現代では中年も平気で絵文字を使うらしいが、たまに使うならまだしも、話の大半は天気のことで、それで絵文字だらけとは…とても希薄な内容としか言い様がない。それって、世間話だよね?お互い生態を探り合って、会いたいとか、異性のタイプがどうとか、恋愛を前提としている男女にありがちな話はほぼなく…そういうことに話しが進んでいくものだと思っていた私は愕然としつつ、彼を「お天気おじさん」と命名した。
私のネット求婚活動を知る親友に会うたびに、「お天気おじさん」との進歩の無さを、嘆くというよりも、笑い話にしてしまうほどに昇華してしまったのだ。半ば意地になった私は毎回お天気のことにはあえて触れることにした。それは彼の興味に歩み寄ろうとする親切でもあったし、どこまでお天気ネタでいくのかを見守りたいという好奇心も混在していた。

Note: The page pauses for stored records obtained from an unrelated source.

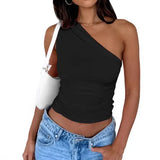 Women's Summer Two Sets Of Buttons And Two Sets Of Short Vests And Wide-Legged
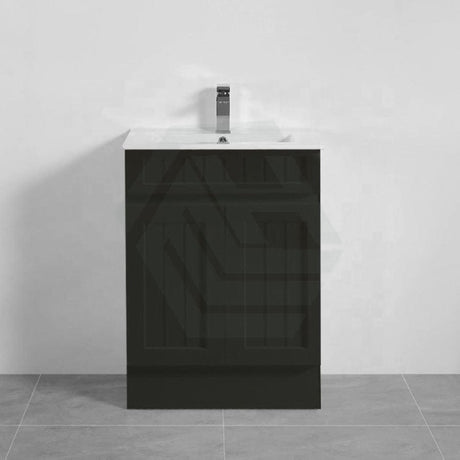 600/750/900/1200/1500Mm Hampton Freestanding With Kickboard Vanity Pvc Board Matt Black Linear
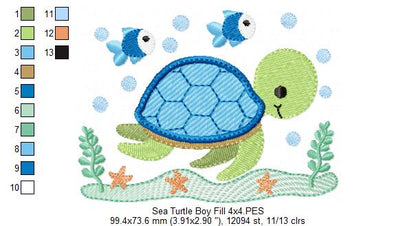 Sea Turtle Boy - Fill Stitch - Machine Embroidery Design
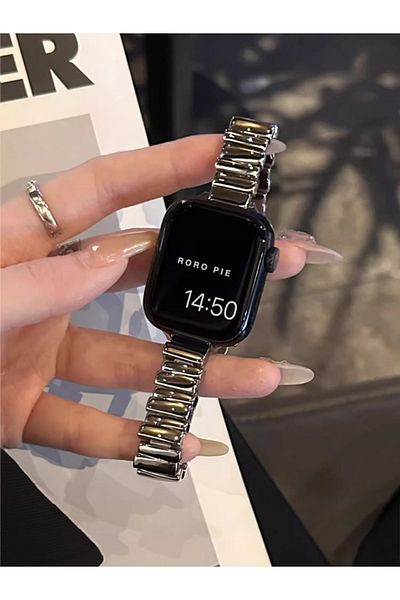 Choice 38 or 40 or 41mm Silver Luxury Metal Band For iWatch Ultra 10 9 8 7 SE 6 5 4 Slim Girl Bracelet Stra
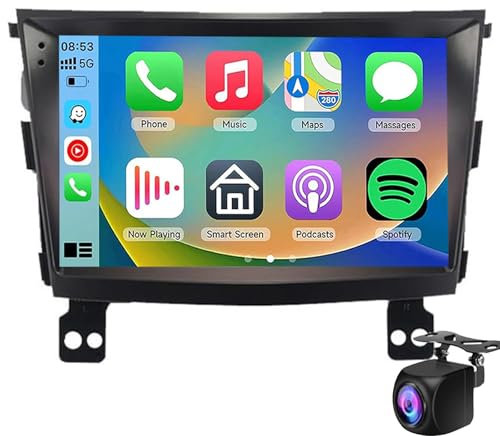 9 Inch Double Din Wireless Car Screen Radio For Ss-angYong Tivoli 2015-2019 CarPlay & Android Auto With Backup Camera Mirror Link Bluetooth GPS Navigation SWC FM + AHD Backup Camer(Color:4-Core 1+16G)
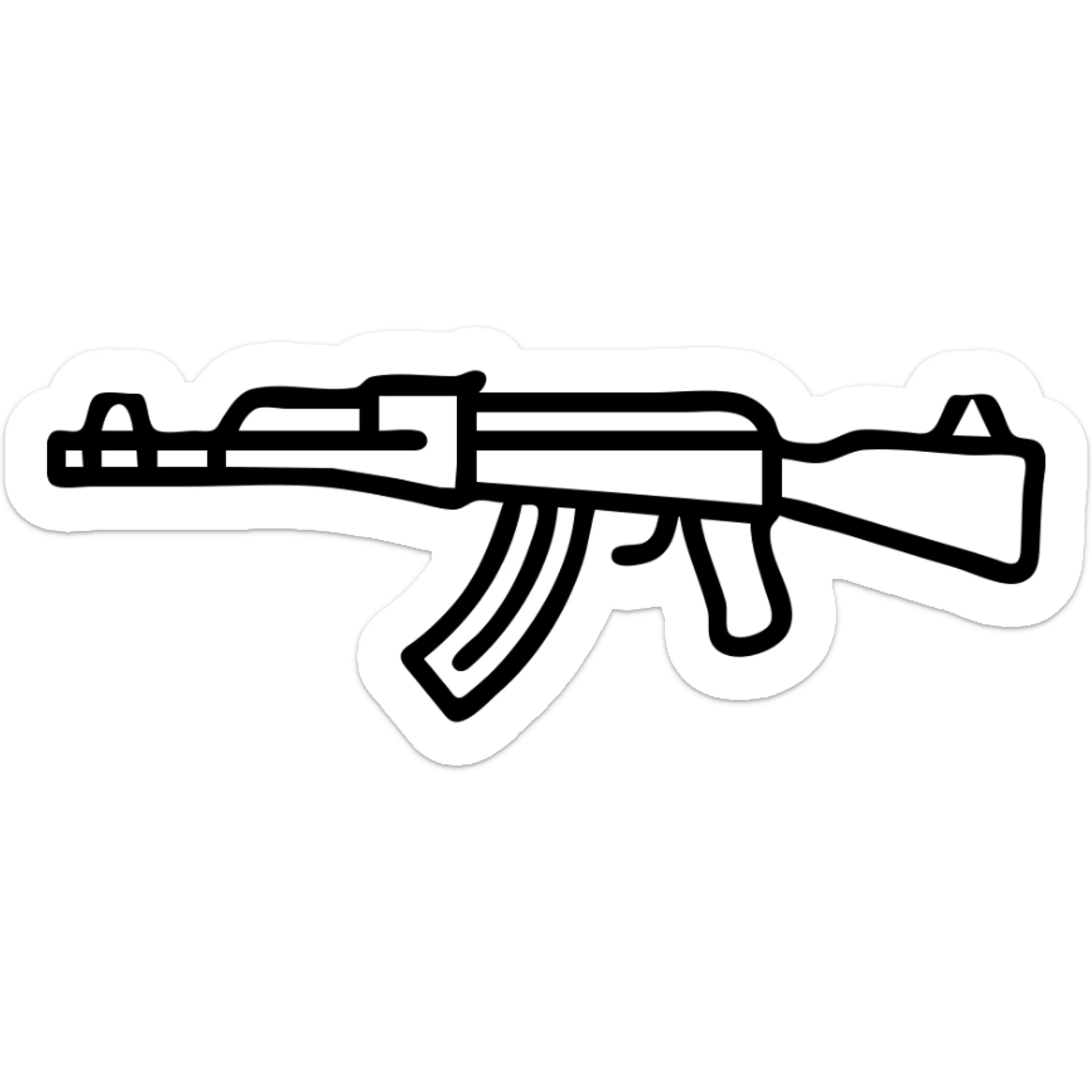 black AK-47 assault rifle, orange bows attached to the barrel and stock, clean, icon style, no background sticker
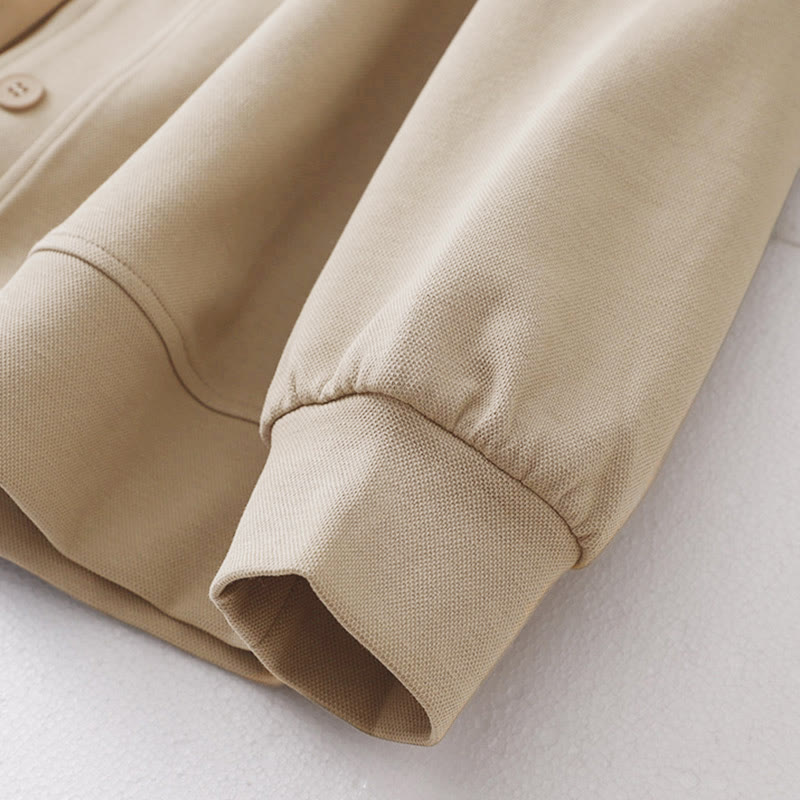 Veste à manches longues en coton pour femme avec boutons simples et Buddha Stones - image 4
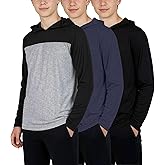 Real Essentials 3 Pack: Dry-Fit Youth Boys Teen Active Long Sleeve Hoodie Sweatshirts - Hooded Pullover Shirts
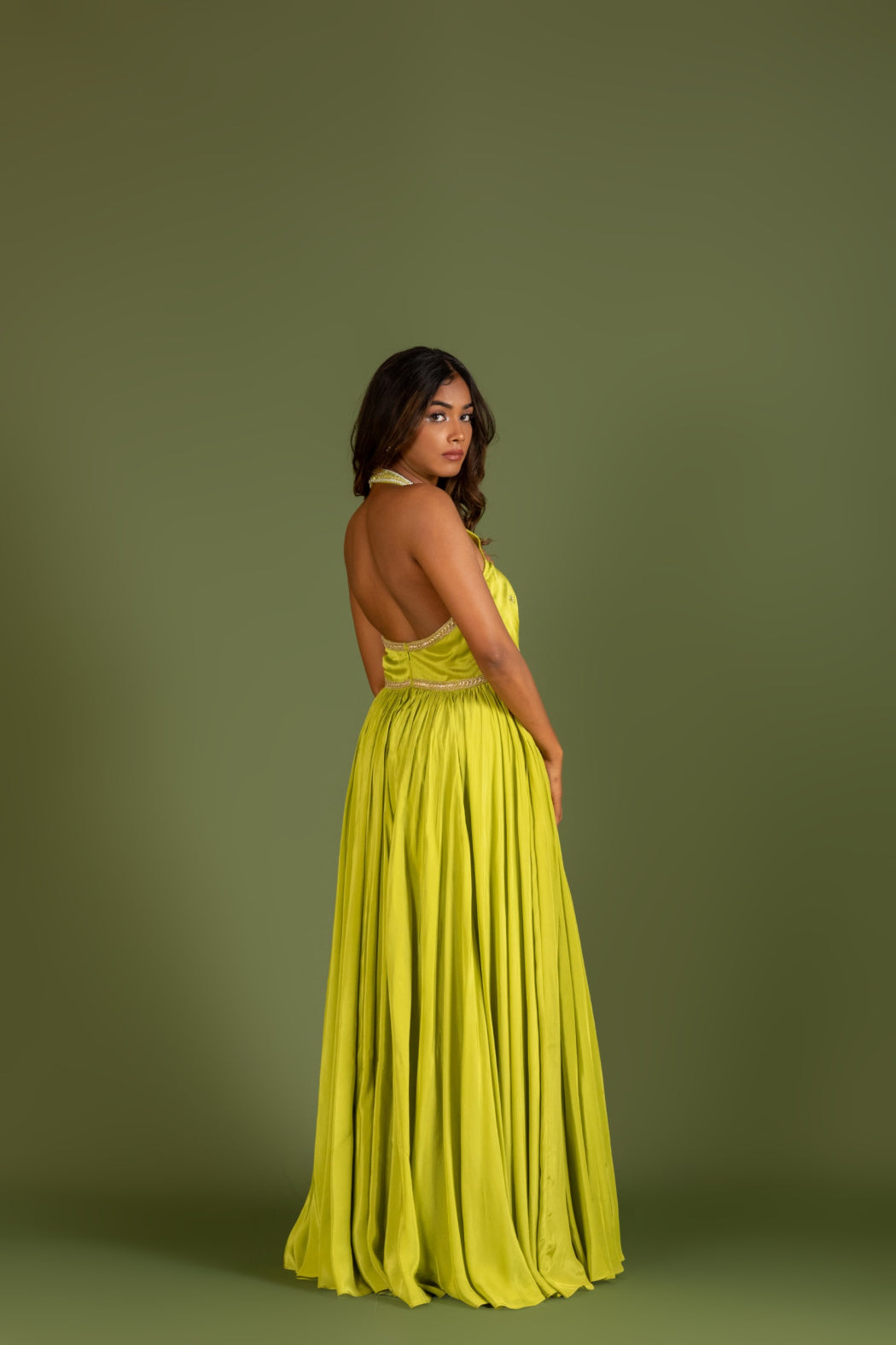 LIME GREEN HALTER NECK ANARKALI SET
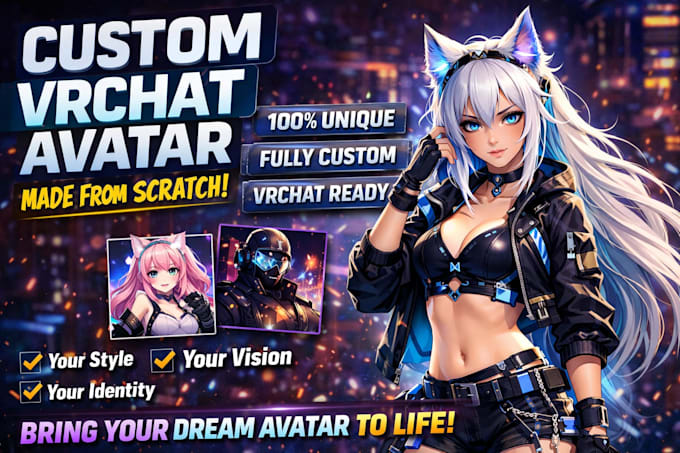create a high quality, fully optimized vrchat avatar ready for unity for you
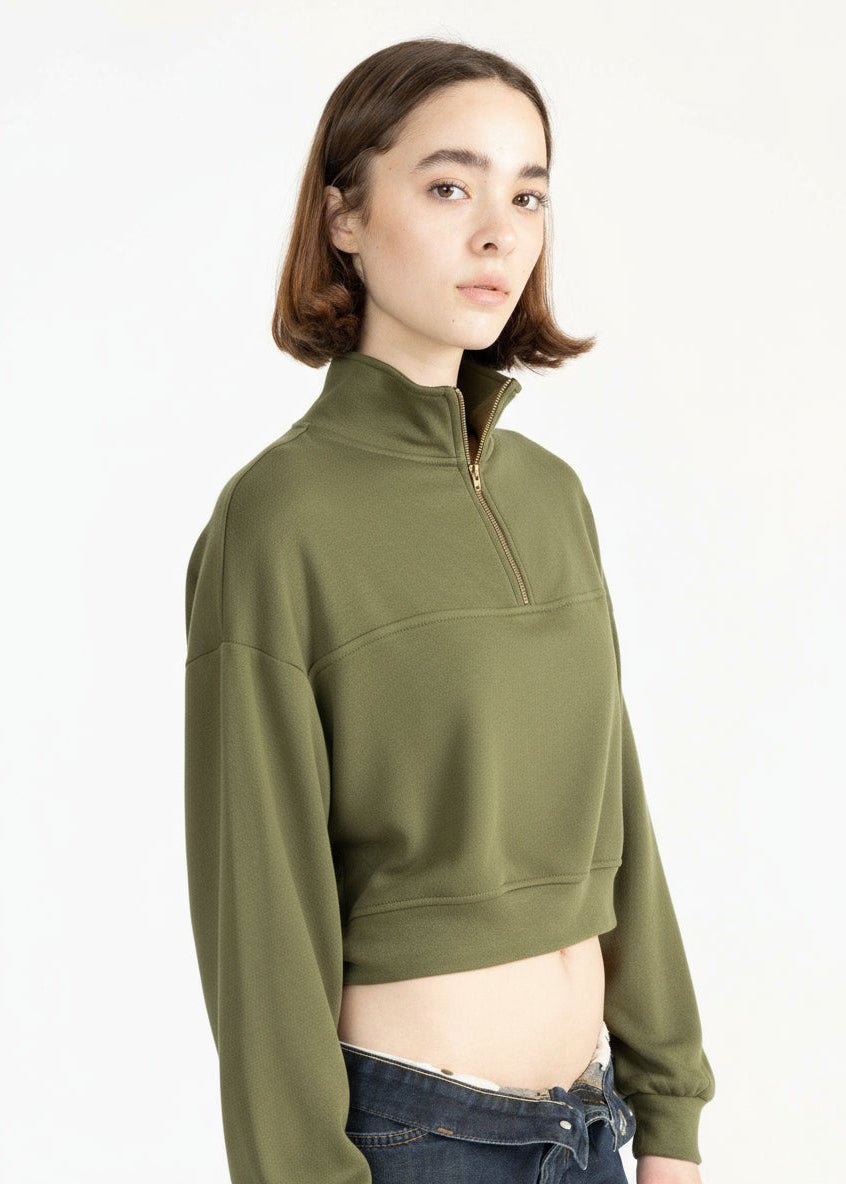 MEL women's mid zip up fleece sweater - YANA K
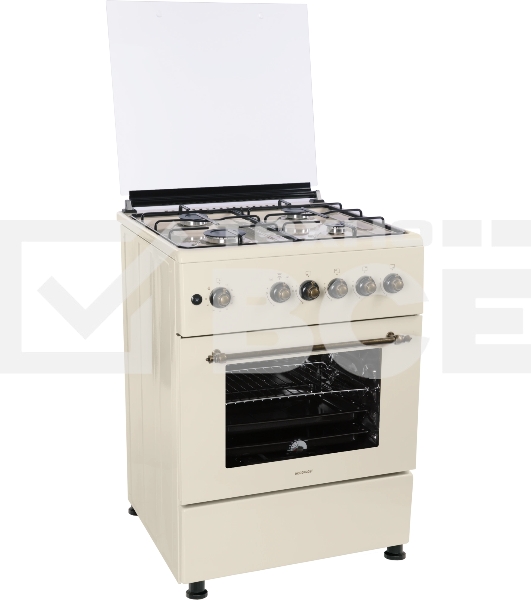 Плита газовая Nordfrost GG 6061 Y бежевый, конфорок 4 шт, духовка 63 л, 60 см x 89 см x 60 см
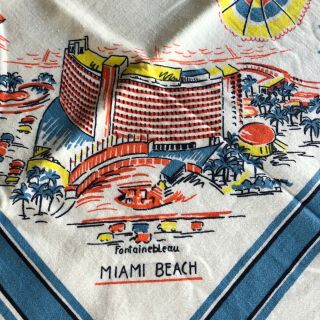 Vintage Florida Map Printed Tablecloth Vivid Colors 47 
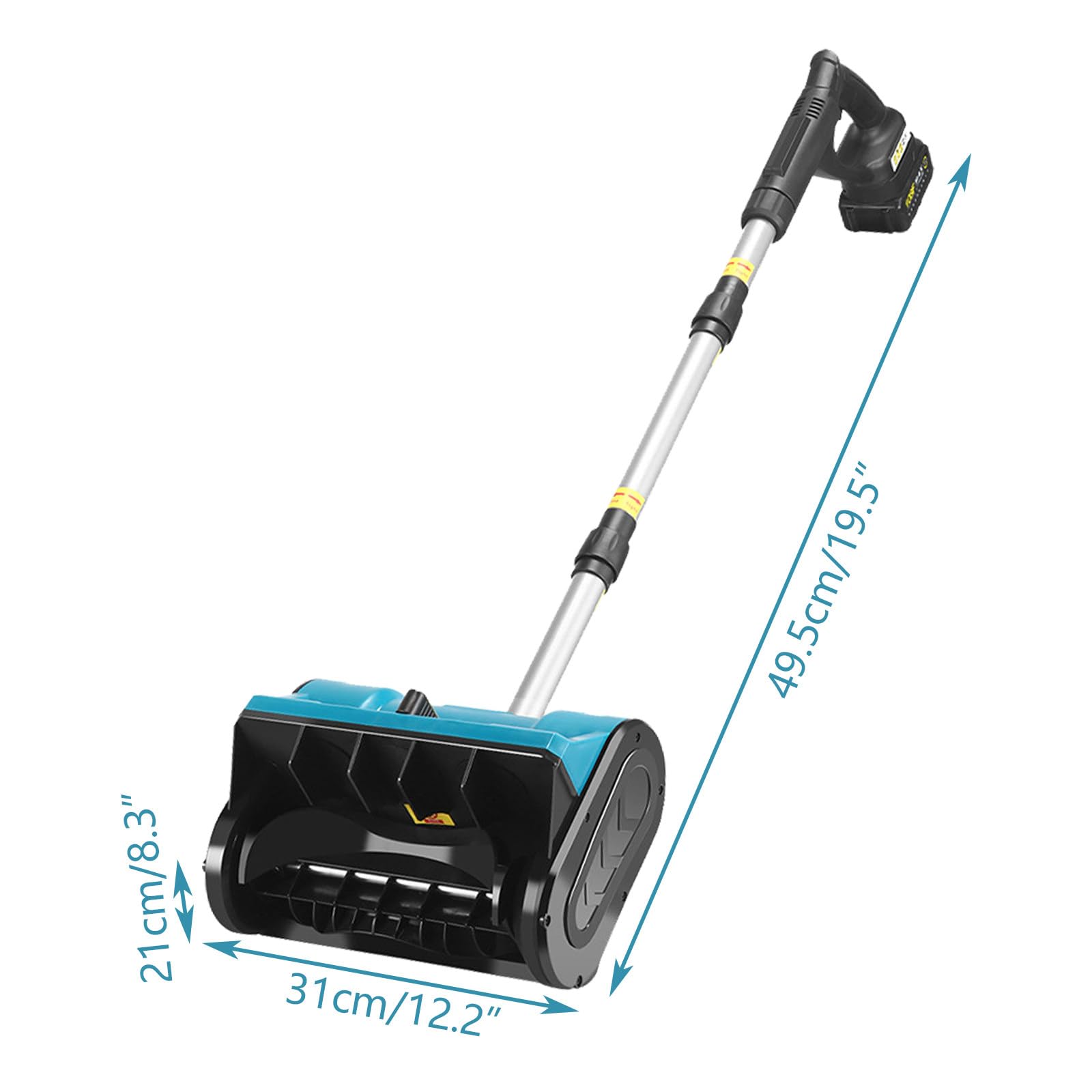 Pala sgommaneve elettrica Senza Fili con gittata di Cinque Metri e Mezzo, direzione Regolabile, per vialetti e terrazzi 2Battery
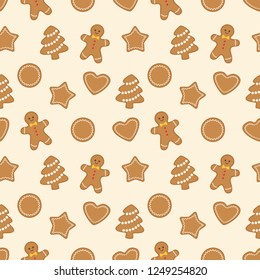 Christmas seamless pattern with different gingerbread cookies on light beige background. Vector flat illustration 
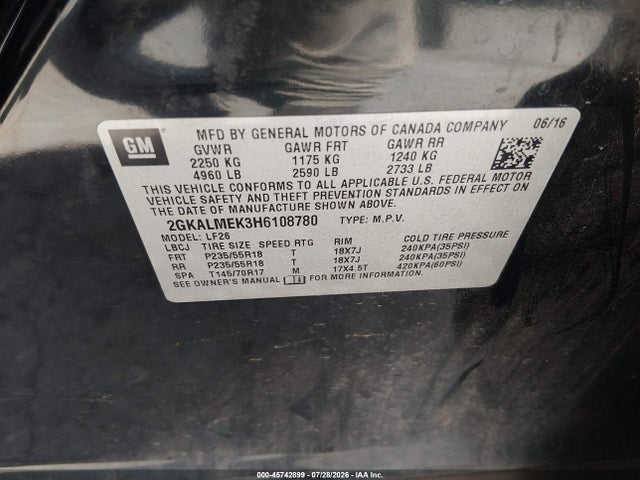 Продажа на аукционе авто 2017 Gmc Terrain Sle-1, vin: 2GKALMEK3H6108780, номер лота: 45742899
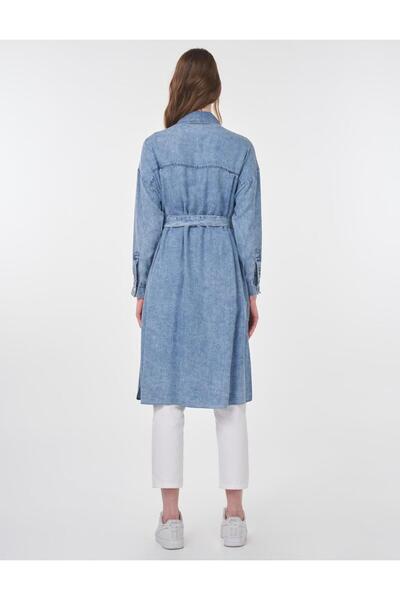 Kayra Denim Tunic Towel Wash with Metal Buckle Detail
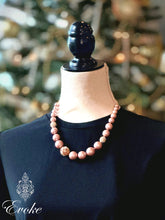Pink Shell Pearl and Gold Necklace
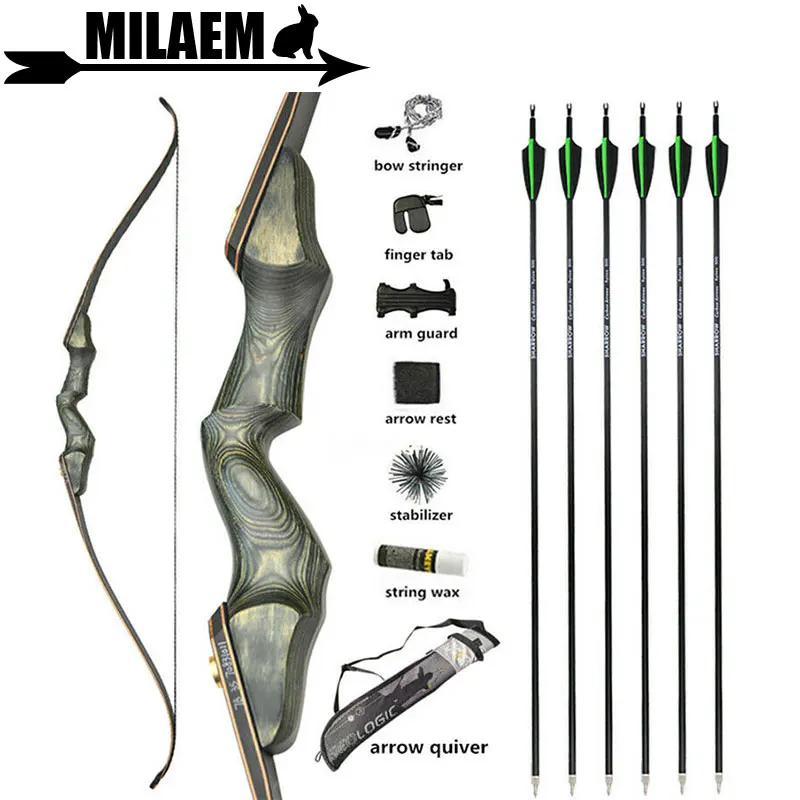 60inch Archery Recurve Bow and Arrow Set Carbon Arrows Quiver 15inch Wooden Riser 30-60lbs Shooting Accessories | Спорт и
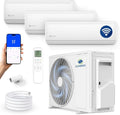Multi Split Klimaanlage 27000 BTU - Set mit 3 Innengeräten und 3.5 kW je Einheit - Kühlen Heizen bis minus 20 Grad und 4D AirFlow - WiFi App Steuerung mit R32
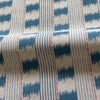 Thumbnail for Light upholstery fabric with indigo stitched stripe pattern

こんなにも貧困な話題では結婚できないわな、と思いながらも潜在では新たな展開を期待しつつ、結局2ヶ月ほど立った頃、彼は転勤が決まったと言う。縁がなかったと別れを告げ、あえなくおしまい。会うこともなく、ただ世間話をするだけで2ヶ月もときめかせてくれたのだから、肩すかしにしてもありがたい…とは思えませんでした。